Come molte persone (e vorrei dire, se non suonasse retorico: come tutte le persone coscienti della gravità della situazione in cui oggi si trova l'umanità) sono assai preoccupato delle scelte e dei proclami di alcuni ministri italiani che in questi giorni e mesi hanno detto cose davvero non meditate ed in flagrante conflitto con la legge fondamentale del nostro stato; e sono ancor più angustiato dal fatto che il nostro paese continua a partecipare a inammissibili guerre, continua a rifornire di armi regimi belligeranti e violatori dei diritti umani, continua a far parte di alleanze militari responsabili di crimini gravissimi; continua a sperperare risorse ingentissime a fini di morte (in ultima analisi a questo servono le spese militari: ad alimentare un apparato il cui fine ultimo è fare la guerra, che sempre e solo consiste dell'uccisione di esseri umani).
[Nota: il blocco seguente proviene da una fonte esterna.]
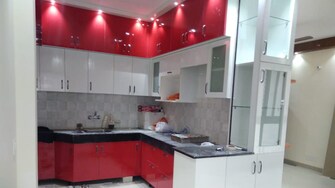 2 BHK Builder Floor For Rent in Divyansh Onyx Phase 2 Gyan Khand Ghaziabad  8146945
L'Italia è una democrazia. Esiste lo strumento del voto. Ed esiste anche lo strumento della franca parola, della libera discussione, dell'azione civile, del buon esempio.

Glielo dico sinceramente: ben poco, o quasi nulla, di ciò che sta facendo il suo governo condivido; ma se il suo governo decidesse finalmente di inaugurare una politica di pace, di disarmo, di smilitarizzazione, di nonviolenza, una politica concretamente e coerentemente orientata a salvare le vite invece di sopprimerle, ebbene, apprezzerei e sosterrei queste iniziative nonviolente di pace con tutto il cuore.

Ogni vittima ha il volto di Abele. Salvare le vite è il primo dovere.

La civiltà umana è sull'orlo dell'abisso. Solo la nonviolenza può salvare l'umanità dalla catastrofe.

Ringraziandola per l'attenzione, voglia gradire distinti saluti.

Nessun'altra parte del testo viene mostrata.